In Mother River, for example, she photographed at 100 kms intervals along the 6211 km river, resulting in 63 photographs. Her photographs are not pretty picture postcards of iconic views. Instead, they depict apparently mundane scenes of everyday life in China. Travelling West to East, Yan avoided concrete structures and Shanshui-like landscapes. Viewing China with fresh eyes, she took back control of the narrative.
Yan’s work can be interpreted in the context of Land or Environmental Art, pioneered in the 1960s and 70s to address social and political issues relating to the natural world. However, unlike Land artworks such as Mary Mattingly’s garden barge Swale (2016) or Maya Lin’s’ Storm King Wave Field (2007 – 2008); or photographer Nancy Holt, whose work observes natural phenomena like the solstices or stars, as in her 1976 work Sun Tunnels; or Hungarian artist Agnes Denes who created Wheatfield : A Confrontation (1982); Yan observes the changing landscape with an aesthetic perception which enables viewers to contemplate the nature of change.

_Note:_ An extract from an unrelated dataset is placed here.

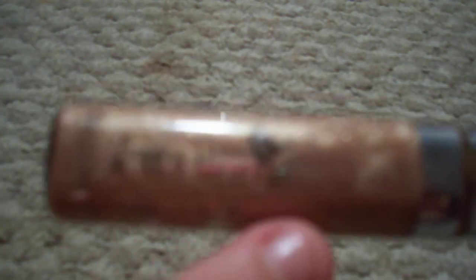Hey girls, so today I'm just going to show you how to use up all of your lip glosses. This is my Covergirl Wet Slicks in Honey Talks, and I really do love this lip gloss, but my product is almost all the way gone, which kind of sucks, and I really don't feel like repurchasing a new one. So I've learned how to do this little trick so I can use up all my product.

With love. From an Invader, 365 days, 2020 – 2021 has become a collaborative work; Monty Adkins, a sound artist, is composing a soundscape for the piece. Yan is also incorporating other collaborators, particularly non-native British residents, to explore their complex sense of belonging and shared experience of racial discrimination. The collaborative work is expected to be completed towards the end of 2021, with photography finishing on 16 March 2021.